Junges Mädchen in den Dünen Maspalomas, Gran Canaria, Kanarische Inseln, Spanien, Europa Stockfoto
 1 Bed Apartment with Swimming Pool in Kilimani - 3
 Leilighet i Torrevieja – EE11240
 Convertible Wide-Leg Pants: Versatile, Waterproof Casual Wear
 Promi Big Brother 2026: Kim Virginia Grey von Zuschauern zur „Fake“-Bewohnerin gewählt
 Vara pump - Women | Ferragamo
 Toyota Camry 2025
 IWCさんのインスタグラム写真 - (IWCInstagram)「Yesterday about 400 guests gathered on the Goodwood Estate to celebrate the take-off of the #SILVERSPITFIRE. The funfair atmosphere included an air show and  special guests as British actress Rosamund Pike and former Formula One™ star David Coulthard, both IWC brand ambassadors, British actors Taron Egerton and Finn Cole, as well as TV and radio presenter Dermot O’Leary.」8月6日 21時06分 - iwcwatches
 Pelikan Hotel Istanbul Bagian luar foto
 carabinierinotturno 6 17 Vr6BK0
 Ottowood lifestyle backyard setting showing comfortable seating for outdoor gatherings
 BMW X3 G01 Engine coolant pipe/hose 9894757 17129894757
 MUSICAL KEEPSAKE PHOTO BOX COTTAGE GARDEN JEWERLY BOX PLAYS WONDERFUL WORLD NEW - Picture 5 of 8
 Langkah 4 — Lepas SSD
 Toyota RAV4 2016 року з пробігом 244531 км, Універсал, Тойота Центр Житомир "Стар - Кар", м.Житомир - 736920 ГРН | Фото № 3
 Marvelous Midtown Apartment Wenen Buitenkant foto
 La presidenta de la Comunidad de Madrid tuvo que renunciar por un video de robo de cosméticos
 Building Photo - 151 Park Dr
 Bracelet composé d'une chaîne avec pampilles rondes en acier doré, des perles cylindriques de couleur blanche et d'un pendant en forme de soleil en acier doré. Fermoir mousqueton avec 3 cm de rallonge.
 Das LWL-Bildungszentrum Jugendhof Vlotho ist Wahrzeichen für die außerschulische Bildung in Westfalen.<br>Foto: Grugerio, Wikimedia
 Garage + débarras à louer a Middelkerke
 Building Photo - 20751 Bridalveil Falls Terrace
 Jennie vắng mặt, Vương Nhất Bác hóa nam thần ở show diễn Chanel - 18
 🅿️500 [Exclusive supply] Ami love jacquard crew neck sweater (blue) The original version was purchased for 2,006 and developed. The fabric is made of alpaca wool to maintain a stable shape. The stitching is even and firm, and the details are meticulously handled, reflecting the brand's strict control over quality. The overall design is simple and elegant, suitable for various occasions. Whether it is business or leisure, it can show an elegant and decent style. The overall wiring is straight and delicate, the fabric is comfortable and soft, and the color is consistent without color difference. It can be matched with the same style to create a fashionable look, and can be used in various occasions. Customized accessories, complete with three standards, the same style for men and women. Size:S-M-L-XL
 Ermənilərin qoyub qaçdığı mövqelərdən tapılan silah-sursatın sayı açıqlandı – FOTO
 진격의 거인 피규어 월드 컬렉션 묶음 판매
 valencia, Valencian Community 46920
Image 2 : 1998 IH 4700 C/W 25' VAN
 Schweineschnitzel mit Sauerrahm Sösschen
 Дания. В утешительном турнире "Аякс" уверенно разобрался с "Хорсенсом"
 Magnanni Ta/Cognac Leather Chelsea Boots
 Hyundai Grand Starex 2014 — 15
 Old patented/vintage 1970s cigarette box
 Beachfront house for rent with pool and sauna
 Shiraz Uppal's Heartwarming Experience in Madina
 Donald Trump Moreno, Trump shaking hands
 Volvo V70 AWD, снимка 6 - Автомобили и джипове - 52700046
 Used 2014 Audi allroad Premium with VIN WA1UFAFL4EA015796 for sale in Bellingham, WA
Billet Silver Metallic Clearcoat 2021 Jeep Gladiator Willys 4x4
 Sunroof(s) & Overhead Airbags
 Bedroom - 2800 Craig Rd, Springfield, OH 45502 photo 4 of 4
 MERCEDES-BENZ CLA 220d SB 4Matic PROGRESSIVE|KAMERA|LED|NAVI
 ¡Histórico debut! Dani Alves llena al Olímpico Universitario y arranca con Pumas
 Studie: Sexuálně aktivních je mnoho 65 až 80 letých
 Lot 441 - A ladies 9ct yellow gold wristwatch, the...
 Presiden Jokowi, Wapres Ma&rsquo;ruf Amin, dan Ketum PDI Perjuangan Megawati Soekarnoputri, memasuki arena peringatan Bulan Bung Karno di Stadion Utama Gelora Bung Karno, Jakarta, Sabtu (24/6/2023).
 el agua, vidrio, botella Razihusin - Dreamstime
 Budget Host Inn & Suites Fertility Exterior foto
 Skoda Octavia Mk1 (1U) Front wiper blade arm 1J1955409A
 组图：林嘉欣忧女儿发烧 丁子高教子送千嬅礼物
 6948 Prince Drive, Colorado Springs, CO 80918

....

### [WHAT THE EXERCISE ASKS]
Would you output, unchanged, each line from the start of the records to the line that holds "Bracelet composé d'une", both included and nothing else?

### [EXPECTED ANSWER]
Junges Mädchen in den Dünen Maspalomas, Gran Canaria, Kanarische Inseln, Spanien, Europa Stockfoto
 1 Bed Apartment with Swimming Pool in Kilimani - 3
 Leilighet i Torrevieja – EE11240
 Convertible Wide-Leg Pants: Versatile, Waterproof Casual Wear
 Promi Big Brother 2026: Kim Virginia Grey von Zuschauern zur „Fake“-Bewohnerin gewählt
 Vara pump - Women | Ferragamo
 Toyota Camry 2025
 IWCさんのインスタグラム写真 - (IWCInstagram)「Yesterday about 400 guests gathered on the Goodwood Estate to celebrate the take-off of the #SILVERSPITFIRE. The funfair atmosphere included an air show and  special guests as British actress Rosamund Pike and former Formula One™ star David Coulthard, both IWC brand ambassadors, British actors Taron Egerton and Finn Cole, as well as TV and radio presenter Dermot O’Leary.」8月6日 21時06分 - iwcwatches
 Pelikan Hotel Istanbul Bagian luar foto
 carabinierinotturno 6 17 Vr6BK0
 Ottowood lifestyle backyard setting showing comfortable seating for outdoor gatherings
 BMW X3 G01 Engine coolant pipe/hose 9894757 17129894757
 MUSICAL KEEPSAKE PHOTO BOX COTTAGE GARDEN JEWERLY BOX PLAYS WONDERFUL WORLD NEW - Picture 5 of 8
 Langkah 4 — Lepas SSD
 Toyota RAV4 2016 року з пробігом 244531 км, Універсал, Тойота Центр Житомир "Стар - Кар", м.Житомир - 736920 ГРН | Фото № 3
 Marvelous Midtown Apartment Wenen Buitenkant foto
 La presidenta de la Comunidad de Madrid tuvo que renunciar por un video de robo de cosméticos
 Building Photo - 151 Park Dr
 Bracelet composé d'une chaîne avec pampilles rondes en acier doré, des perles cylindriques de couleur blanche et d'un pendant en forme de soleil en acier doré. Fermoir mousqueton avec 3 cm de rallonge.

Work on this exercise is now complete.